Kit / Client Library: Copy, Move, Rename, Create Folder not implemented
These operations are not yet available via the Storage API client library or Kit integration. Planned for a future release.
Workaround: Use Storage Navigator to perform these operations.
Multi-replica stale reads with caching enabled
When multiple Storage Service replicas run with caches enabled, clients may see stale reads for non-version-specific objects until the cache TTL expires. Use versioned access patterns to avoid this.
Azure Blob storage key location changed
In the early access releases, storage keys for the Azure Blob endpoints were configured with the
/config/storage/azure/endpoints/<name>/storageKeyproperty. As of version 1.0.0, this property is called/config/storage/azure/endpoints/<name>/credentials/storageKey/storageKey.
—
Common Deployment Problems#
Ports already in use#
Symptom: curl returns “Connection refused” even though the service appears to start, or a process fails to bind to port 8011, 50051, or 8080.

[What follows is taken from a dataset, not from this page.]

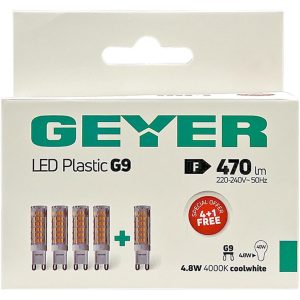 Λάμπα LED G9 4.8W 4000Κ 470lm 4+1 ΔΩΡΟ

Cause: MicroK8s kube-proxy iptables rules may intercept traffic on those ports even when no explicit service is running, or a port-forward or Docker container from a previous phase is still active.
Fix:
# Check what is holding the port
ss -tlnp | grep -E '8011|50051|8080'
# Stop any remaining Docker container from the previous phase
docker stop localfilesystem-test
# Kill any lingering port-forward sessions
pkill -f "kubectl port-forward" || true
MicroK8s TLS certificate mismatch#
Symptom: kubectl port-forward fails with an x509 error or references mismatched IPs. kubectl logs and kubectl exec also fail.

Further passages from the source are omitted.